Welcome to theScore's biweekly NBA power rankings, where you'll find roughly 30 words on all 30 teams every other Tuesday throughout the season.
Kevin Durant's first season with the Warriors saw Golden State win 67 games and its second title in three years despite KD missing a quarter of the season. A healthier encore would be frightening.
No collection of star teammates in recent memory - not even the Heatles or last year's Warriors - has tried to combine usage rates as astronomical as OKC's new big three.
Few in history have matched Kawhi Leonard's combination of high-usage, high-efficiency offense with all-world defense, but a season-opening quad injury is concerning in an unforgiving battle for the West's 2-seed.
Depth is an issue, but only a handful of teams can match the Timberwolves' star power. If Minnesota can't end its playoff drought, something's wrong with the water in the Land of 10,000 Lakes.
An Irving-Hayward-Horford trio is impressive, but questions remain about Boston's depth, size, and rebounding, and it will take time for a team bringing back just four holdovers to jell.
The Raptors have shifted toward a more modern, 3-point heavy attack. Whether Toronto has the personnel to make it work will determine whether this high-floor team can raise its ceiling.
Only the Warriors have brought back more of their 2016-17 minutes than the Wizards, who went an East-best 42-20 after a 7-13 start to last season.
Continuity and a star backcourt are on Portland's side in the West playoff race. Not to mention, the Blazers went 14-6 with Jusuf Nurkic in the lineup last season.
The new-look Clippers can surround DeAndre Jordan with four players who can handle the ball and initiate the offense at all times. This is still a playoff team if healthy.

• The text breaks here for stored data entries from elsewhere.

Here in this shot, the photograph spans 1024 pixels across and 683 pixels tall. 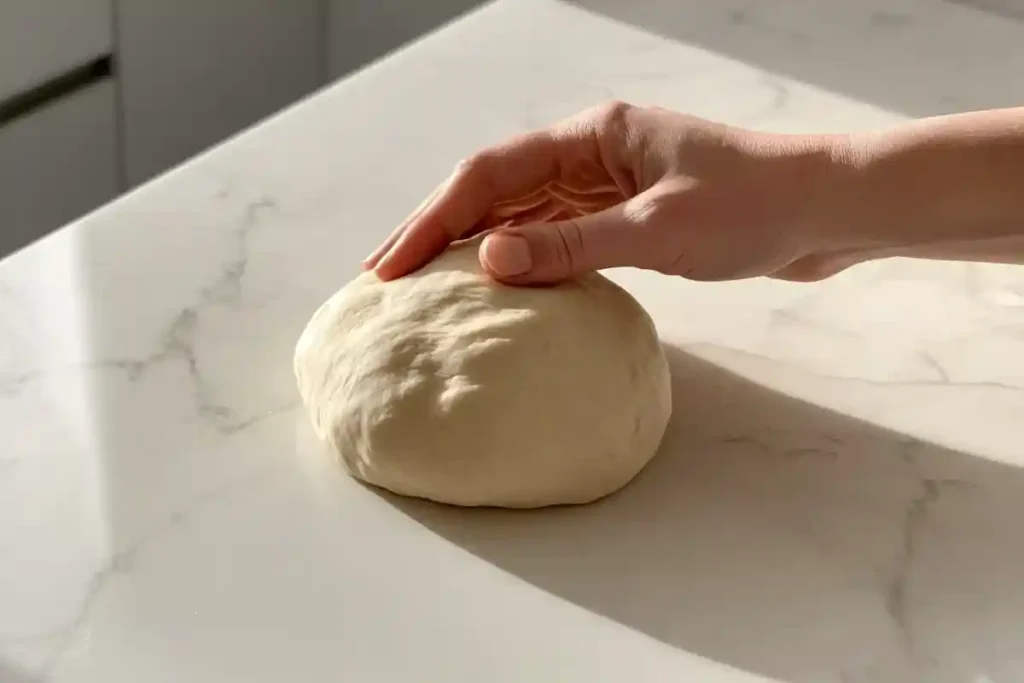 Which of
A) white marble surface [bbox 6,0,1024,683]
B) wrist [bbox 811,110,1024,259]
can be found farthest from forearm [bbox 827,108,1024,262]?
white marble surface [bbox 6,0,1024,683]

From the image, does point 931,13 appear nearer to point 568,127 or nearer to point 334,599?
point 568,127

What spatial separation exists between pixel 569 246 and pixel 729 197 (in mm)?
107

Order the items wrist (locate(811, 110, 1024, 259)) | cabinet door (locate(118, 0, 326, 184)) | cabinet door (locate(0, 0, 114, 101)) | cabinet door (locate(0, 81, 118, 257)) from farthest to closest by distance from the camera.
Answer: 1. cabinet door (locate(118, 0, 326, 184))
2. cabinet door (locate(0, 81, 118, 257))
3. cabinet door (locate(0, 0, 114, 101))
4. wrist (locate(811, 110, 1024, 259))

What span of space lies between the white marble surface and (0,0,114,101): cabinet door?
60 centimetres

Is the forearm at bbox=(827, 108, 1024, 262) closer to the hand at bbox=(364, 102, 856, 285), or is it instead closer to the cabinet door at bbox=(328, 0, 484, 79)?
the hand at bbox=(364, 102, 856, 285)

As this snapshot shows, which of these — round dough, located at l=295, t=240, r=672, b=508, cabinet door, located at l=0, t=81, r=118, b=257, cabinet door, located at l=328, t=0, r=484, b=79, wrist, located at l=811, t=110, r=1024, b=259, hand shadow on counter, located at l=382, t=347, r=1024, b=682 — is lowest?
cabinet door, located at l=0, t=81, r=118, b=257

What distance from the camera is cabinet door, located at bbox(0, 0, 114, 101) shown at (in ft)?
4.64

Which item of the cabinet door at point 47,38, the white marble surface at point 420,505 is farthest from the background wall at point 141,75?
the white marble surface at point 420,505

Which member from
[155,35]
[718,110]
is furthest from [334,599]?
[155,35]

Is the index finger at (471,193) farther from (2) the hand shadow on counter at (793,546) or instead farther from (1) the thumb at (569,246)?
(2) the hand shadow on counter at (793,546)

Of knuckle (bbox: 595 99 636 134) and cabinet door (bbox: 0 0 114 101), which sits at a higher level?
knuckle (bbox: 595 99 636 134)

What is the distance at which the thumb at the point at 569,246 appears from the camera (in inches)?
27.6

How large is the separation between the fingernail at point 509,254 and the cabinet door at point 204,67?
42.3 inches

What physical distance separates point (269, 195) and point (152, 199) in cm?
9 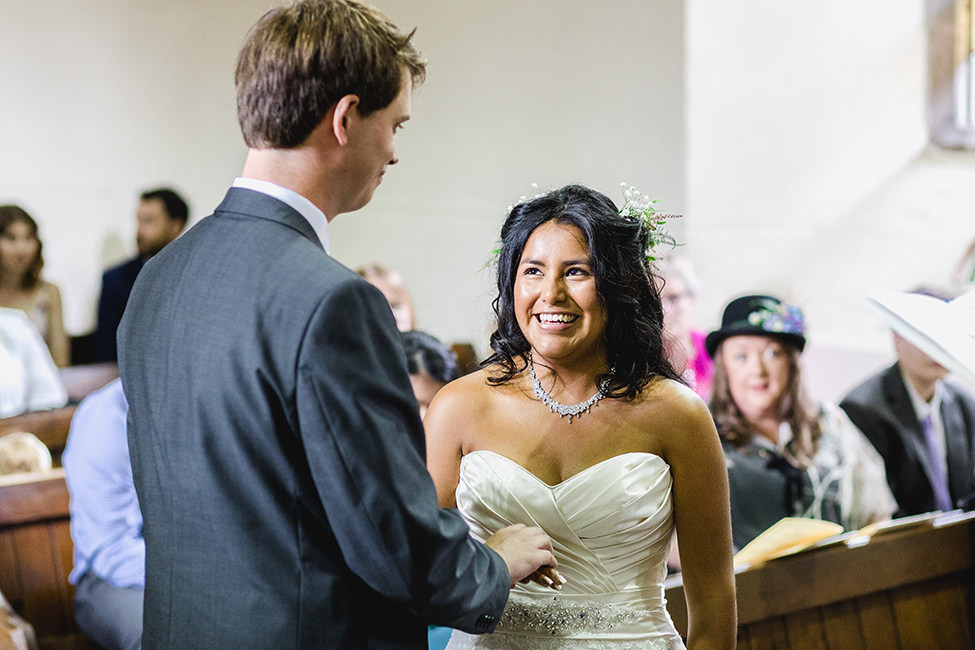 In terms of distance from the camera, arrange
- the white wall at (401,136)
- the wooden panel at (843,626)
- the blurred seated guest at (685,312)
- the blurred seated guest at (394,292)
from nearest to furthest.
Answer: the wooden panel at (843,626), the blurred seated guest at (685,312), the blurred seated guest at (394,292), the white wall at (401,136)

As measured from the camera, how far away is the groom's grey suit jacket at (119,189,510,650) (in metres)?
1.21

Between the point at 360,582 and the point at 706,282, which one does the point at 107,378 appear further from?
the point at 360,582

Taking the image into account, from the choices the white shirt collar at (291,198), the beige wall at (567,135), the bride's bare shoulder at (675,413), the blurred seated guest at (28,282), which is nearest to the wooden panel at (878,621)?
the bride's bare shoulder at (675,413)

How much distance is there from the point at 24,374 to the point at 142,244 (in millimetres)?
1238

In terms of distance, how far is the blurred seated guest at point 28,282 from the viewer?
221 inches

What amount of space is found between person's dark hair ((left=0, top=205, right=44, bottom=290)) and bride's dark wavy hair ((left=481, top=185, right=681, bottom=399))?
471 cm

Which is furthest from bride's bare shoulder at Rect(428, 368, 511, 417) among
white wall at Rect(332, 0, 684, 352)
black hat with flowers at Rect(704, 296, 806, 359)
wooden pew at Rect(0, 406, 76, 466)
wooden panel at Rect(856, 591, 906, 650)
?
white wall at Rect(332, 0, 684, 352)

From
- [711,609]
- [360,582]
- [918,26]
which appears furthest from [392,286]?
[918,26]

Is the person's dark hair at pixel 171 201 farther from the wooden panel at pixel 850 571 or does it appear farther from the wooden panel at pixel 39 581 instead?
the wooden panel at pixel 850 571

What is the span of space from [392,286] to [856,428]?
7.12 ft

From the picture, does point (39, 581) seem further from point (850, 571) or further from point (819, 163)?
point (819, 163)

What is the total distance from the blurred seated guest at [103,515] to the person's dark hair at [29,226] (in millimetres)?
3132

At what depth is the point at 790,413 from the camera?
3445 millimetres

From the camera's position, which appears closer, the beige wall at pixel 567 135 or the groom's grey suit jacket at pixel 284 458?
the groom's grey suit jacket at pixel 284 458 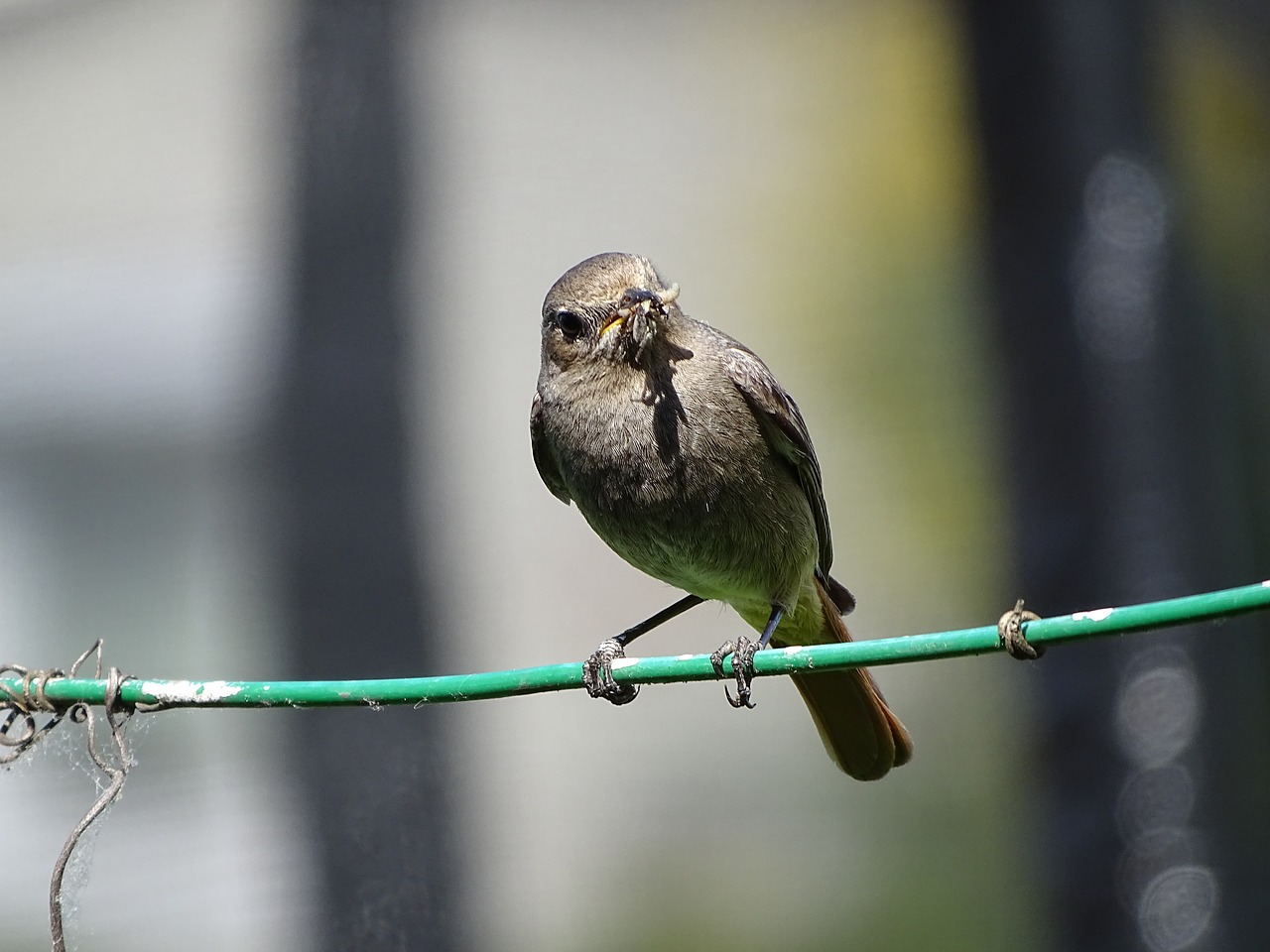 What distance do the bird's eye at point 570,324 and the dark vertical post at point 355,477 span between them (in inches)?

The Heat have capped out a mediocre team for the foreseeable future, but between the Dragic-Whiteside combo, Erik Spoelstra's coaching, and the state of the East, Miami should be back in the playoffs.
The early season absence of Nicolas Batum hurts Charlotte on both ends of the court, and could be the difference between fighting for home court and fighting for a playoff spot.
The only thing more painful than going up against a Gobert-anchored Jazz defense will be watching Utah try to muster up enough points of their own to hang in the West playoff race.
This team has no business sniffing a playoff race, but a Myles Turner breakout and a couple bounces here or there could see Indiana do just that in another embarrassing East chase.
L.A. has enough young talent and new veterans to remain competitive most nights, but no first-round pick to fall back on. Their season will be about building toward 2018 free agency.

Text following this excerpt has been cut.